El convite se celebra en un club de campo, a las afueras de la ciudad. Tenemos que ir en coche. Veo jardines, campos de golf y de tiro, vegetación frondosa, valles y colinas, fuentes de lujo y coches de millonarios. Antes de entrar en la casa me siento como si me acercara a la mansión Playboy. Busco a Hugh Hefner con la mirada. En cuanto entro y veo a los ricos, casi todos en torno a los setenta, y apenas un puñado de jóvenes, creo estar dentro de una novela de F. Scott Fitzgerald. Pero yo no soy uno de ellos. Hay un cóctel previo a la cena. Sirven lo habitual: refrescos, cervezas, vino tinto. Pero con un añadido que no he visto en otras bodas: dos hombres preparan mojitos en una mesa. Estamos al aire libre y no estoy cómodo. No pego ni con cola. Pero hay una receta infalible para soportar estas ceremonias: emborracharse.

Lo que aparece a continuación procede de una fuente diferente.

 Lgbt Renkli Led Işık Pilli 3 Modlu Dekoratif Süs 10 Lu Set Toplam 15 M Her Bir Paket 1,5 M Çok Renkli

No comemos muchos canapés, pensando en la sucesión interminable de platos que servirán luego. Pero no es así. La carta incluye un entrante (tres langostinos con una cucharada de arroz) y un plato (dos filetes pequeños con guarnición). Y el postre. Nos quedamos con hambre. Nadie nos pregunta si queremos repetir. En cambio, hay bebidas alcohólicas de sobra: cerveza, vino tinto, vino blanco, champán, las copas de la barra libre. Descubro que, en efecto, es igual que en las historias de Fitzgerald, “El gran Gatsby” o “Suave es la noche”: los ricos beben mucho y comen poco. Por eso se pillan esos ciegos. El camarero que nos toca es un señor que se molesta cada vez que le pedimos algo. Pedirle un vaso con hielo para el café le pone de mala leche. Cree que le tomamos el pelo.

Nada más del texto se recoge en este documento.